STATE DEPARTMENT —
U.S. Secretary of State John Kerry meets in Paris Sunday with foreign ministers of countries who back opponents of Syrian President Bashar al-Assad. They are trying to bridge serious differences within the opposition ahead of Syrian peace talks planned for Geneva later this month. But Syrian divisions are complicating efforts to come up with a transitional government to end the war.
Iraqi forces fighting back against Al-Qaida-affiliated militia show how far Syria's internal divisions have spread.
Assad loyalists control the capital Damascus and ethnic-Alawite areas along the Mediterranean as well as parts of central Syria in their fight against largely-Sunni rebels there -- while continuing to battle Kurdish fighters in the north and Druze militia in the south.
Cato Institute analyst Doug Bandow says if no transitional government emerges from this month's Geneva talks, Syria may end up a more-permanently divided nation,
"I think one alternative, and it might be the best alternative is essentially the regime controls kind of a coastal area, a more Alawite area.
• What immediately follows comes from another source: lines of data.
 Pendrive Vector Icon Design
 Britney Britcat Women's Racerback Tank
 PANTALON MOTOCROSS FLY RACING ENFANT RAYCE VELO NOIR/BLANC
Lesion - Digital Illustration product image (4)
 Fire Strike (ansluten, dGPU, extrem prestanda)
And then there's a rebel area, and there's a Kurdish area. That might be the best you can get. Otherwise I think it's a fight to the finish," Bandow said.
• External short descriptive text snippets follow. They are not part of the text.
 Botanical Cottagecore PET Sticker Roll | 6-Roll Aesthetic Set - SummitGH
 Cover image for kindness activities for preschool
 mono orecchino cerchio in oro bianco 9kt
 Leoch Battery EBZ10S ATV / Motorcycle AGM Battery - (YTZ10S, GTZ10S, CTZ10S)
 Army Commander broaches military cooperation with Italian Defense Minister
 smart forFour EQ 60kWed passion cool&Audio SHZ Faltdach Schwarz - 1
Some of the fiercest fighting is within the opposition itself -- between the main rebel Free Syrian Army and more extremist militias, some of whom are affiliated with al-Qaida. There are even divisions within those more extremist elements. So much so that the head of the powerful al-Nusra Front is calling for a cease-fire with a group known as the Islamic State in Iraq and the Levant. But there is no keeping Syria together without strong central authority, says former U.S. ambassador Adam Ereli.
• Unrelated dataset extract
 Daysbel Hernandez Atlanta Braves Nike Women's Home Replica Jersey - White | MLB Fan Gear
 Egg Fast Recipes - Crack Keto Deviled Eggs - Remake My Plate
"Syria, I think the ethnic divisions are less along geographic lines with the exception largely of the Alawite and the Druze. But if you don't have responsible central government, those areas will split off," he said.
A Balkanized Syria may be less troubling than current trends toward a broader breakdown, says U.S. Institute of Peace analyst Steve Heydemann, because the division of the former Yugoslavia remained largely within its international borders.
"I think the expectation was we could see a similar outcome in Syria -- that we would experience a process of partition, of Balkanization but it would not produce a cascade of state collapse across the Arab Levant. Now, I don't think we can be so confident about that," Heydemann said.
Syrians themselves see the division of their country as an affront to national pride, says American University professor Akbar Ahmed.
"They don't want their country broken up because there's still the desire, the nationalism, the romance of holding on to the larger and not breaking away to the smaller unless things become so bad that you can not hold on," he said.
Divisions within the political opposition weaken prospects for peace talks as foreign ministers work to get a broader, more representative opposition delegation to meet with Assad officials.